🏥 RegHealth Navigator

A collaboration between Carnegie Mellon University (CMU) and Simply Compliance Consulting

Authors:
Seon Young Jhang, Daisy Yan, Fanxing Bu, Dhruv Tangri, Sarvesh Siras, Saicharan Emmadi

Last Updated: Jul 2025

Status: 🚀 Pre-release v0.8

📖 Project Introduction

RegHealth Navigator is an intelligent regulatory document analysis platform designed to help healthcare professionals, compliance officers, and policy analysts efficiently understand and analyze complex Medicare regulations. The system provides powerful tools for document comparison, semantic search, and AI-powered analysis with comprehensive documentation and maintainable code structure.

Creative.Video_Team.Simply.Compliance_final.2.mov

🎯 Key Features

Intelligent Document Processing: Automated fetching and processing of Federal Register regulations
Semantic Search: Advanced RAG-based search with FAISS indexing
Document Comparison: AI-powered comparison of regulatory documents across different years
Incremental Updates: Cost-efficient processing that only handles new or modified files
Comprehensive Logging: Detailed tracking of all operations and costs
Modern UI: React-based frontend with intuitive user interface

📁 Project Structure

RegHealth-Navigator/
├── app/         # Backend (core logic, API, config)
├── front/       # Frontend (React app)
├── data/        # Regulation data storage
├── rag_data/    # FAISS index and metadata (not in git)
├── docs/        # Documentation
├── scripts/     # Utility scripts
├── summary_outputs/ # Generated summaries
├── log/         # Application logs
├── assets/      # Project assets and images
├── .env         # Backend sensitive config (not committed)
├── requirements.txt  # Backend dependencies
└── README.md    # Project overview

Example data for data, rag_data, and summary_outputs can be found at:

data: Google Drive Link

rag_data: Google Drive Link

summary_outputs: Google Drive Link

🏗️ Architecture Overview

Project Management & Summary Development (Seon)

Responsibilities:

Project management: progress tracking, requirements clarification, meeting organization
Summary development and optimization: leading the design and improvement of the summary module

System Architecture & Data Pipeline (Fanxing Bu)

Responsibilities:

System architecture design and implementation
Data preprocessing pipeline (download, chunk, embedding, summary)
UI design and implementation
Backend framework design
Summary performance optimization
API development and integration
Code integration

Document Processing, Q&A & Documentation Management (Dhruv)

Responsibilities:

Data preprocessing and optimization
Q&A functionality development
Document comparison feature development
Documentation management: maintaining and updating technical documentation

Document Q&A & Risk Management (Daisy)

Responsibilities:

Document Q&A functionality development and optimization
Demo video production
Risk management
Customer requirement communication

Quality Management & Testing (Sai)

Responsibilities:

Quality management
Testing and validation
System evaluation

Backend Integration & API Development (Sarvesh)

Responsibilities:

Backend integration
API development and maintenance

⚙️ Configuration & Environment Variables

Backend Configuration

.env: Stores sensitive information (e.g., OPENAI_API_KEY).

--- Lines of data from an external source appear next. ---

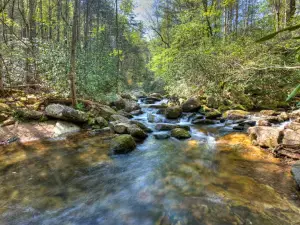 South Mountains Game Lands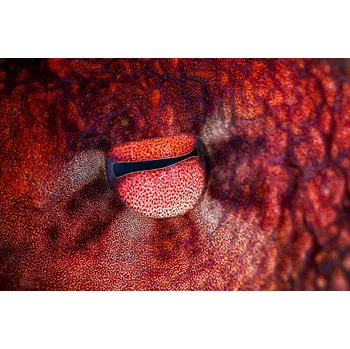 Plakát Plakát, Obraz - Octopus Eye, Barathieu Gabriel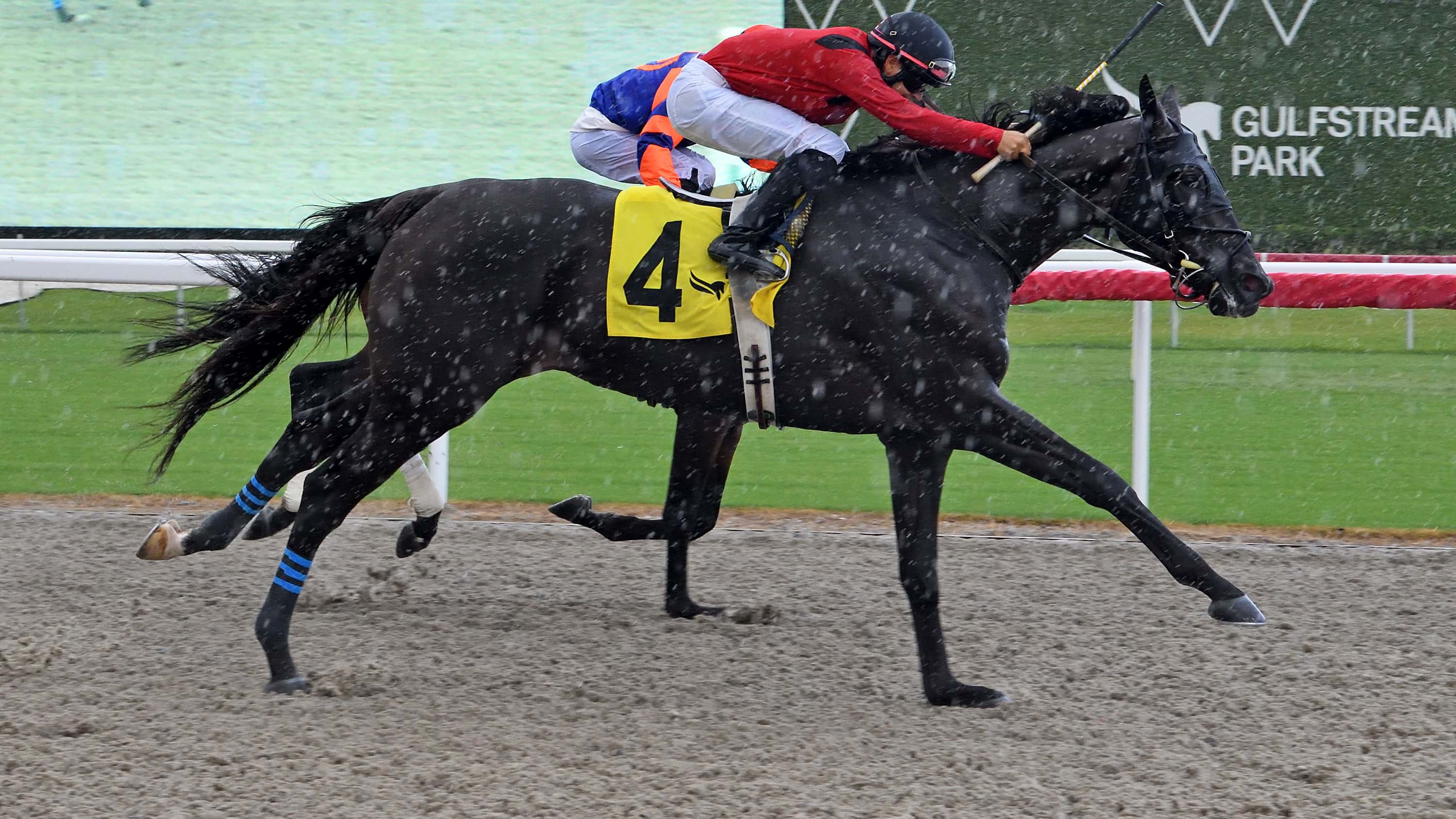 I Know I Know Aiming to Go the Distance in Jerkens Handicap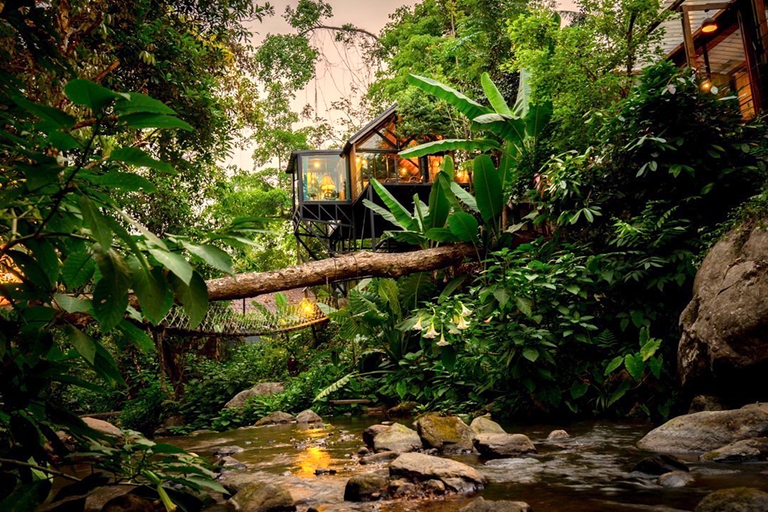Scenery 8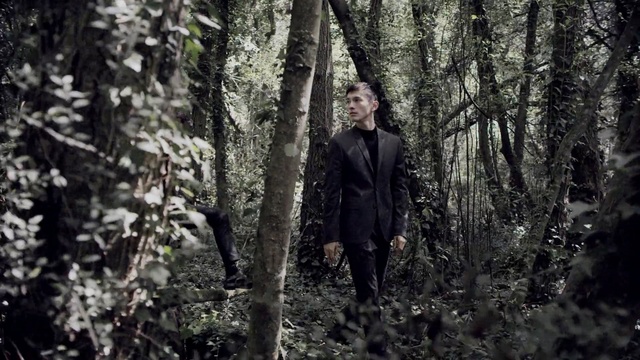 Video Reference: People in nature, Forest, Nature, Black, Photograph, Tree, Natural environment, Woodland, Old-growth forest, Jungle, Person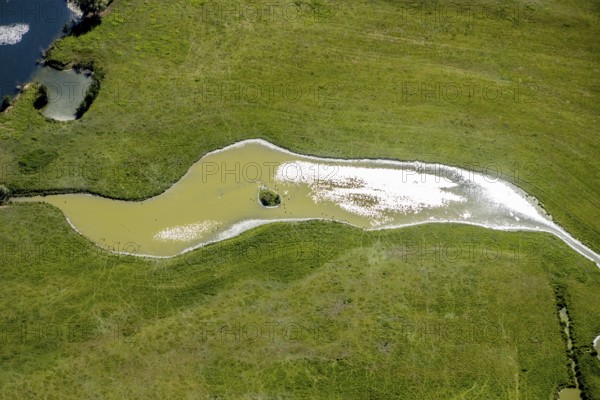 Aerial view, pond with island and water birds in the Lippe floodplains, Hamm, Ruhr area, North Rhine-Westphalia, Germany, DE, Europe, Lippestraße, aerial view, aerial photography, aerial photography, natural landscape, pond, overview, bird's-eye view, overview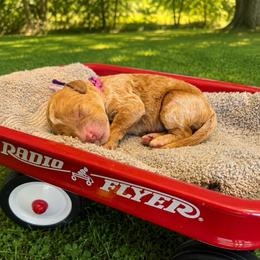 Briar - Red  female Goldendoodle puppy in Boise, Idaho from Goldendoodle Baby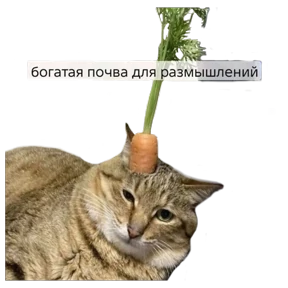 Котики №17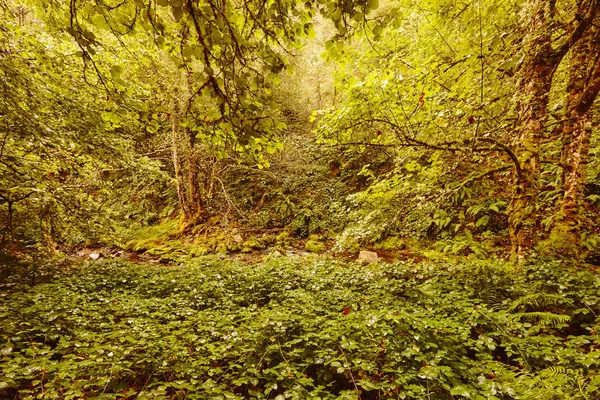 Groene Woud Met Stroom Muniellos Biosphere Reserve Asturias Spanje — Stockfoto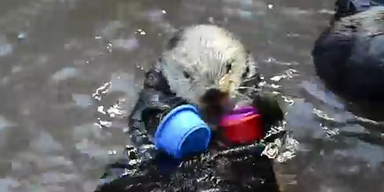 So s&uuml;&szlig;: Seeotterdame Nellie stapelt H&uuml;tchen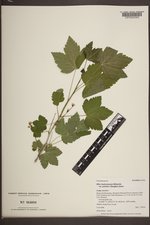 Ribes hudsonianum image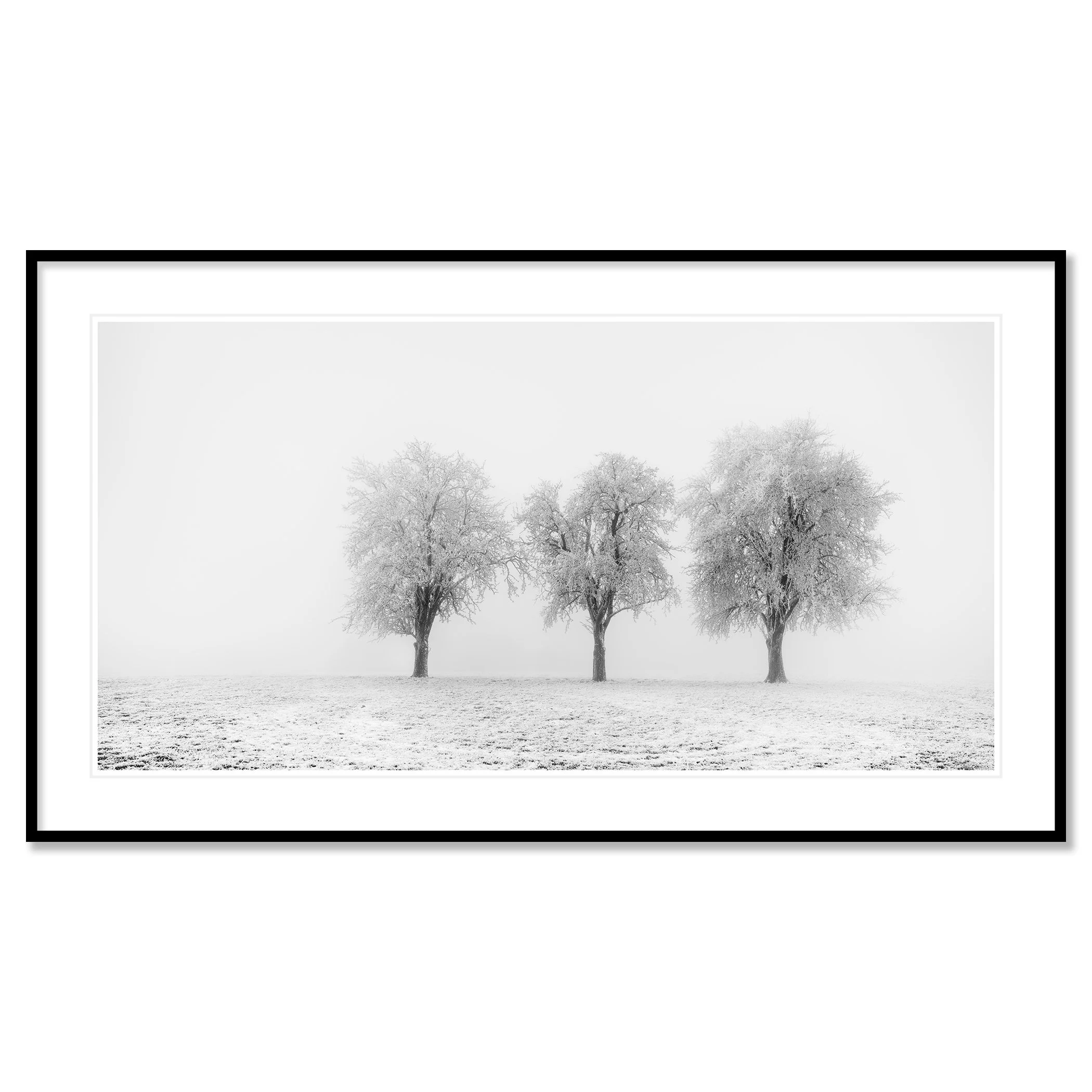 Frozen Apple Trees Panorama Study 2 as an archival pigment print in a black aluminium frame with a white mount by Gerald Berghammer.
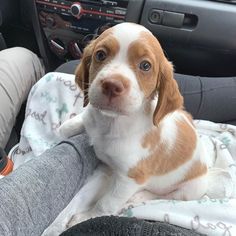 a puppy sitting in the driver's seat of a car looking at the camera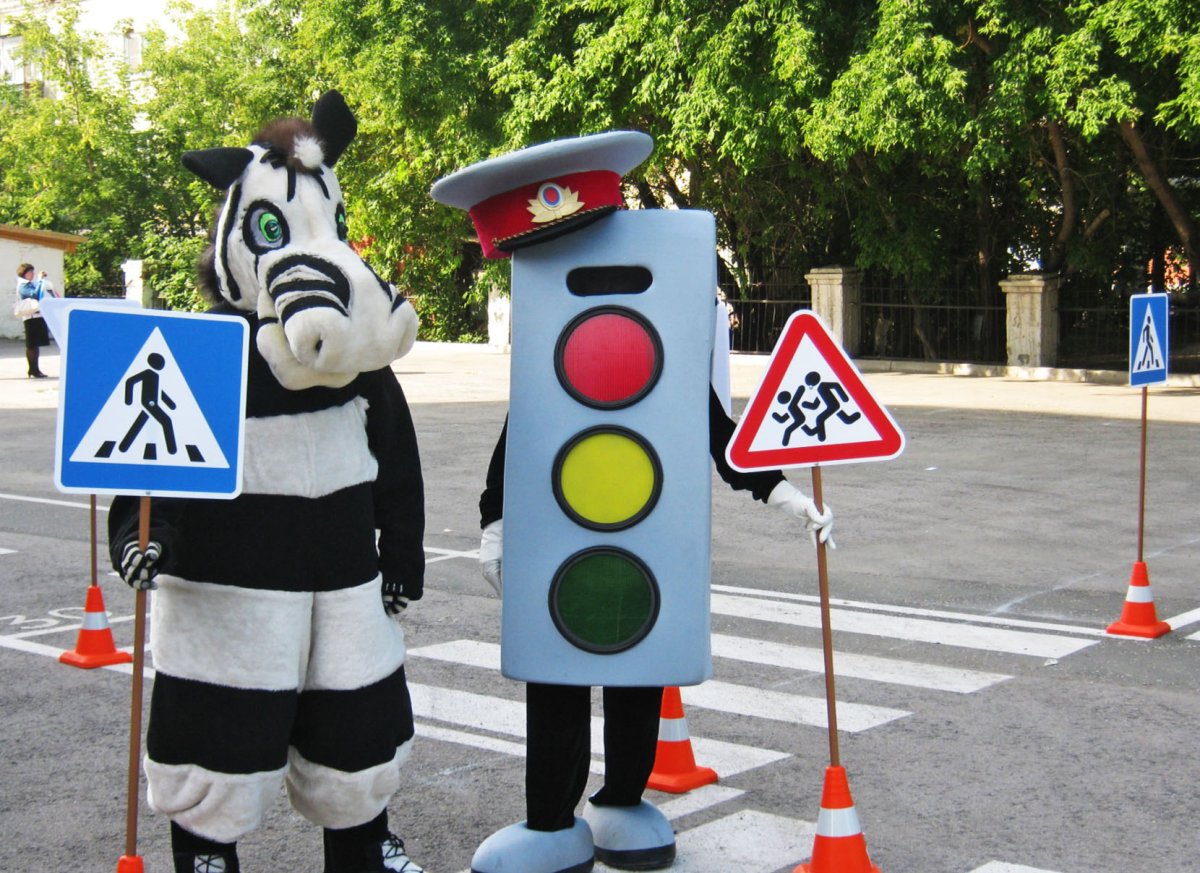 Светофор и Зебра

Create this file from the template below. Not committed.
app/config/*.yml: Stores resource paths, CORS, and other environment-specific settings. See example files.
rag_data/: Stores FAISS index and metadata files. Not committed.

Required Environment Variables (.env file):

# OpenAI API Configuration
OPENAI_API_KEY=your_openai_api_key_here

# Flask Configuration
FLASK_ENV=development
FLASK_DEBUG=true

# Server Configuration
HOST=0.0.0.0
PORT=8080

# Logging Configuration
LOG_LEVEL=INFO
LOG_FILE=log/app.log

# Data Paths (relative to project root)
DATA_DIR=data/
RAG_DATA_DIR=rag_data/
SUMMARY_OUTPUT_DIR=summary_outputs/

# API Configuration
MAX_TOKENS_PER_REQUEST=4000
MAX_CHUNKS_PER_QUERY=20

Example: Loading API key from .env in Python

from dotenv import load_dotenv
import os

load_dotenv()
api_key = os.getenv("OPENAI_API_KEY")
if not api_key:
    raise ValueError("OPENAI_API_KEY environment variable is not set")

Frontend Configuration

front/.env.development, front/.env.production: Store API base URL and feature flags. See front/.env.development.example and front/.env.production.example for required variables.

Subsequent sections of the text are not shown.